══ DATA PROVIDED ══

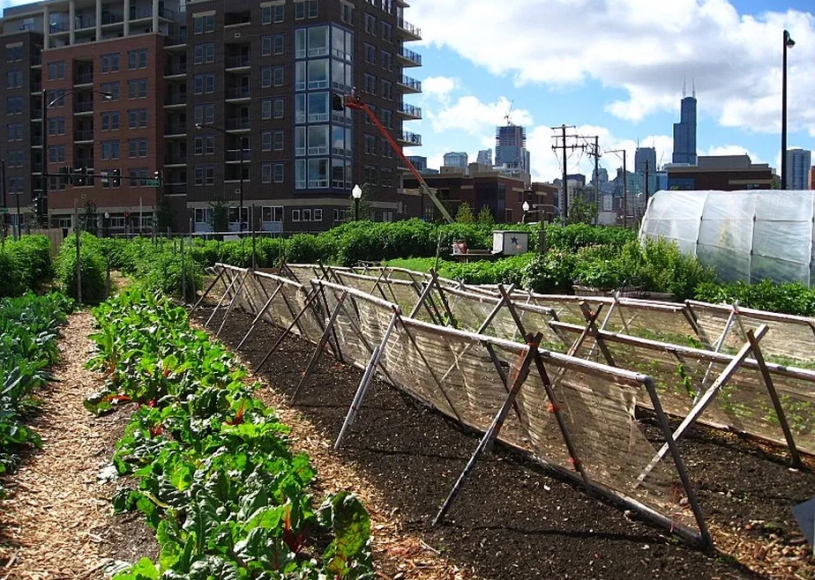 Com foco na alimentação saudável, Estados Unidos investem em agricultura urbana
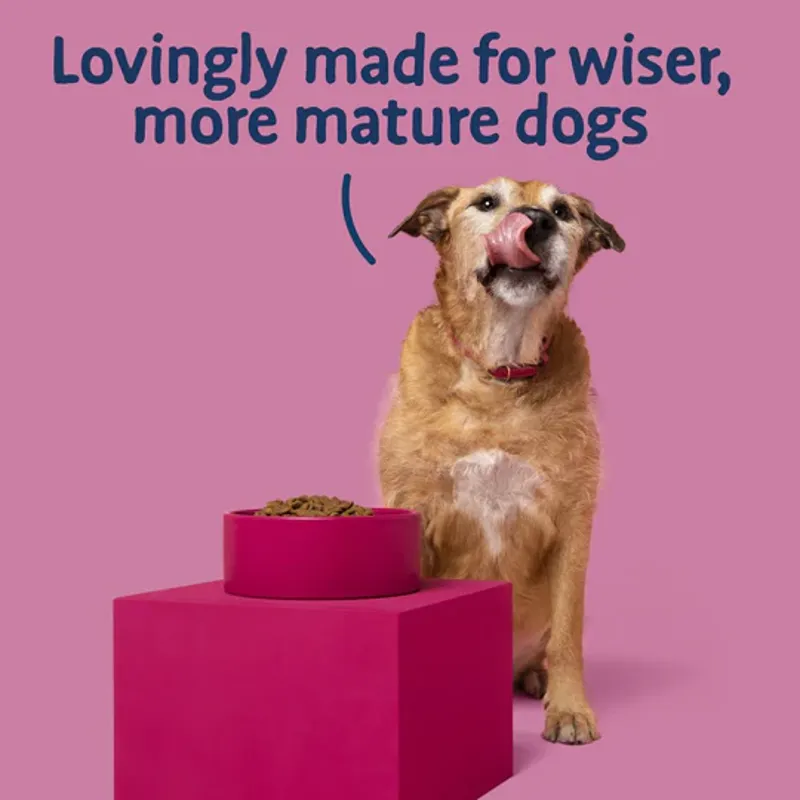 Barking Heads Big Foot Golden Years Dry Dog Food Chicken 12kg-6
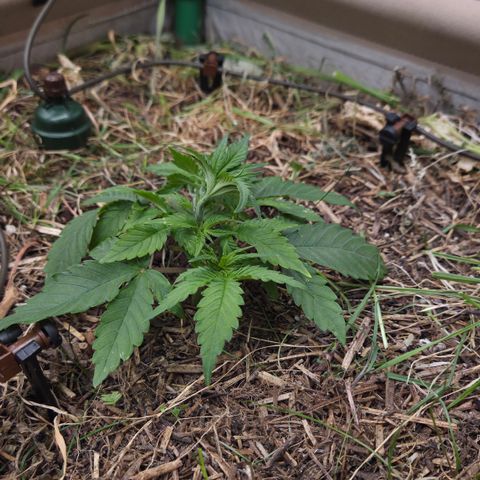 CBD Skunk Haze growlog timeline photo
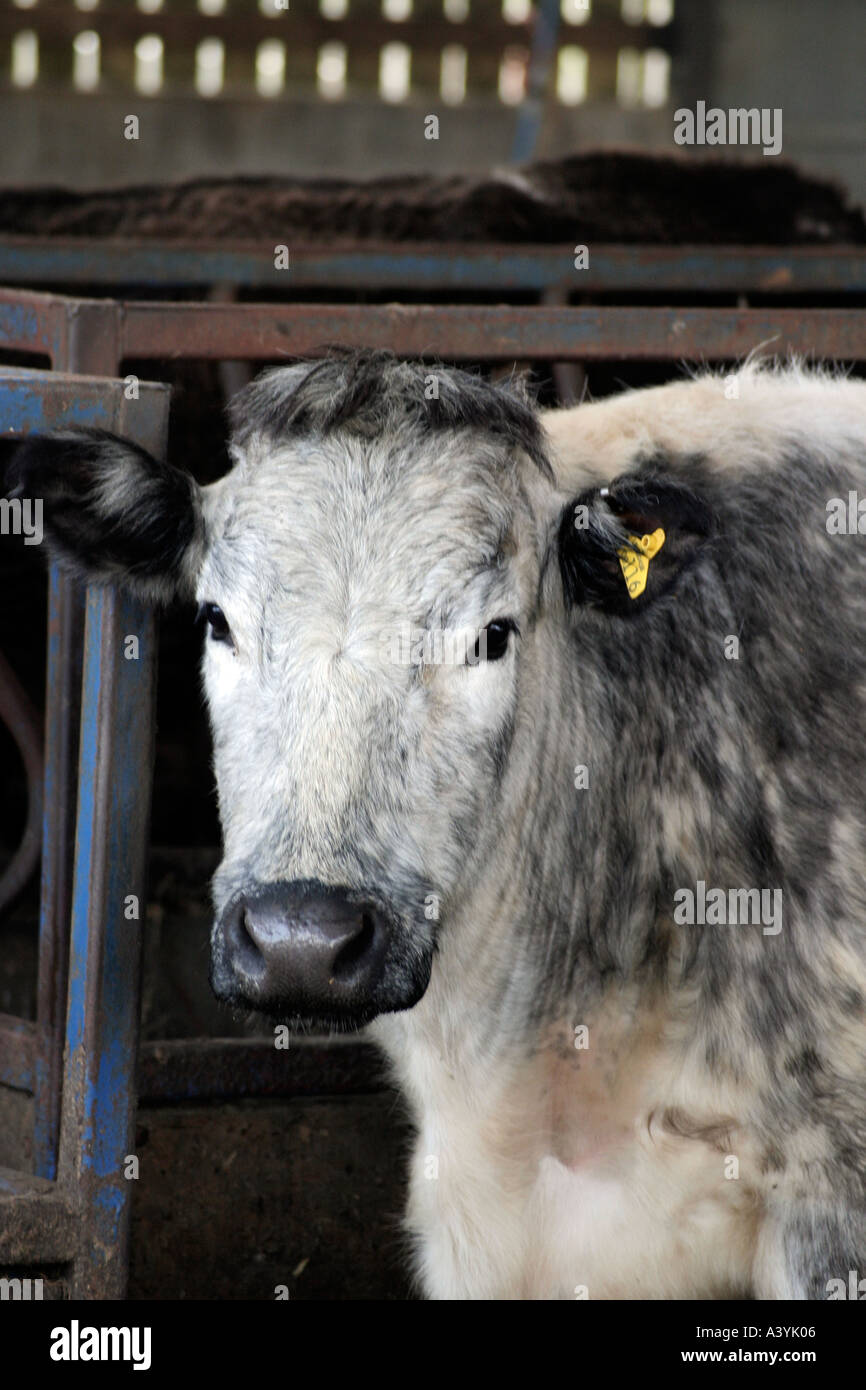 Stampede of cows hi-res stock photography and images - Alamy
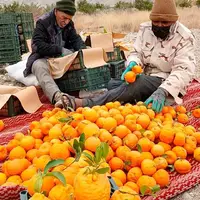  سیاهو؛ بهشت هرمزگان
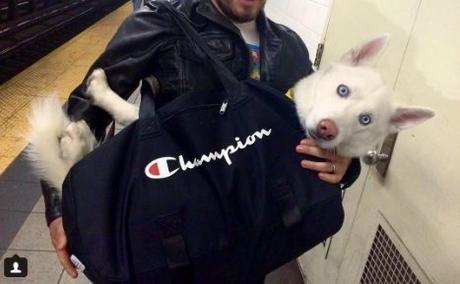 Dans le métro de New York, les chiens sont interdits sauf s'ils sont dans un sac ! Dans le métro de New York, les chiens sont interdits sauf s'ils sont dans un sac !
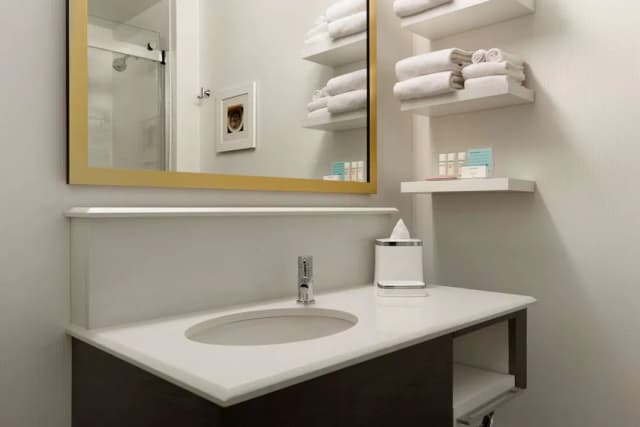 Hampton Inn Chicago Downtown/N Loop/Michigan Ave-Room, Accessible, Non Smoking (Roll-in Shower)-4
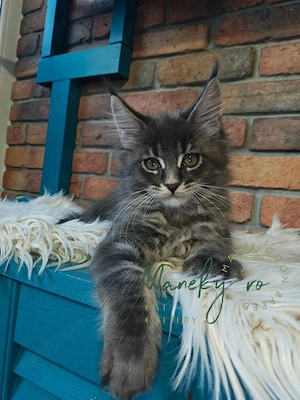 Pui pisica rasa  Maine Coon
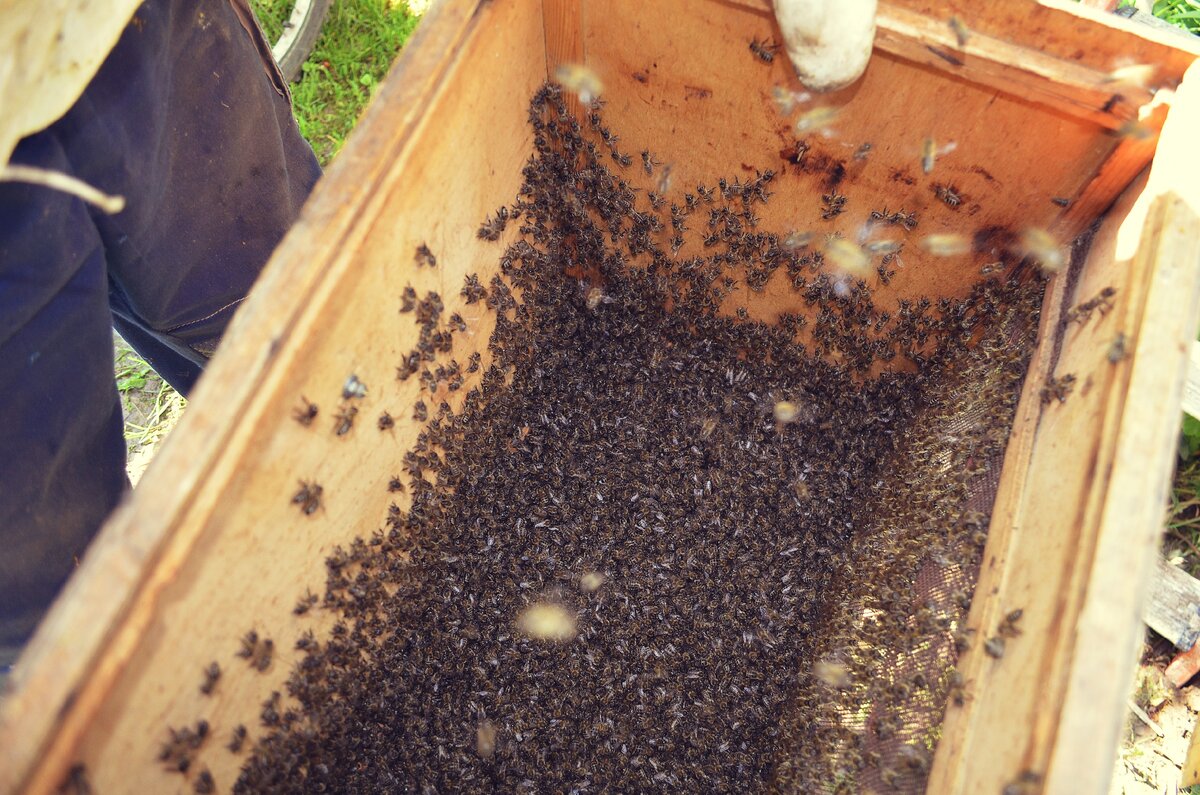 ПЧЁЛЫ на даче. Налетел РОЙ ПЧЁЛ. 🐝🐝🐝 ЧТО ДЕЛАТЬ? Дедушкины пчёлы и  пасека. Изучаем пчёл | ArtemLand | Дзен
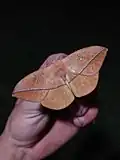 Lonomia obliqua, imago
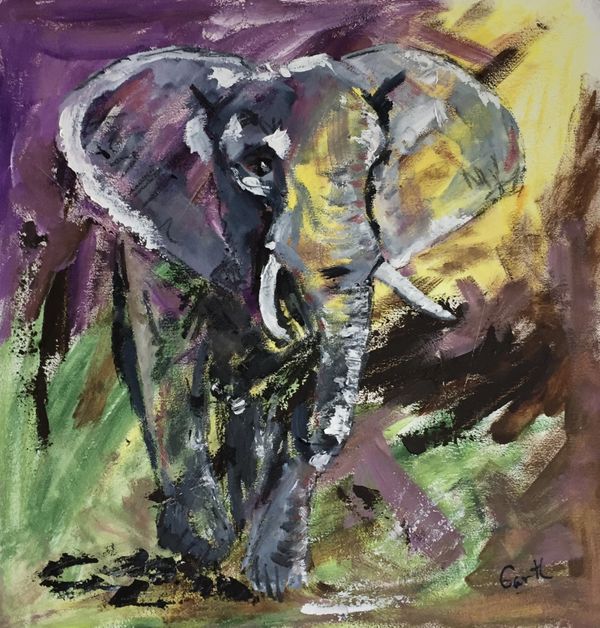 African Grey Elephant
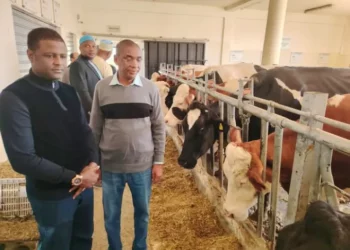 Livestock Ministry To Adopt Moroccan Technology For Dairy,  Beef Production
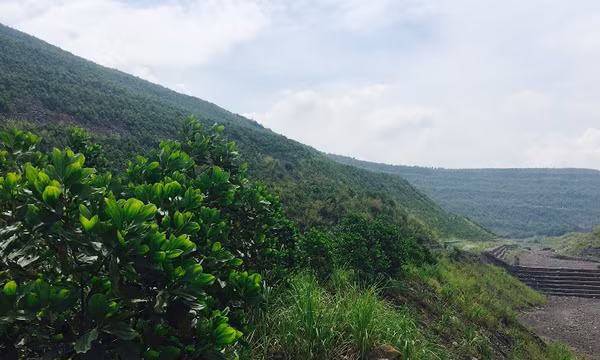Năm 2022, TKV trồng 205ha cây xanh phục hồi môi trường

═══

● EXERCISE
From the first record to the last, retype everything exactly except the images.

● EXERCISE ANSWER
 Com foco na alimentação saudável, Estados Unidos investem em agricultura urbana
 Barking Heads Big Foot Golden Years Dry Dog Food Chicken 12kg-6
 CBD Skunk Haze growlog timeline photo
 Stampede of cows hi-res stock photography and images - Alamy
  سیاهو؛ بهشت هرمزگان
 Dans le métro de New York, les chiens sont interdits sauf s'ils sont dans un sac ! Dans le métro de New York, les chiens sont interdits sauf s'ils sont dans un sac !
 Hampton Inn Chicago Downtown/N Loop/Michigan Ave-Room, Accessible, Non Smoking (Roll-in Shower)-4
 Pui pisica rasa  Maine Coon
 ПЧЁЛЫ на даче. Налетел РОЙ ПЧЁЛ. 🐝🐝🐝 ЧТО ДЕЛАТЬ? Дедушкины пчёлы и  пасека. Изучаем пчёл | ArtemLand | Дзен
 Lonomia obliqua, imago
 African Grey Elephant
 Livestock Ministry To Adopt Moroccan Technology For Dairy,  Beef Production
Năm 2022, TKV trồng 205ha cây xanh phục hồi môi trường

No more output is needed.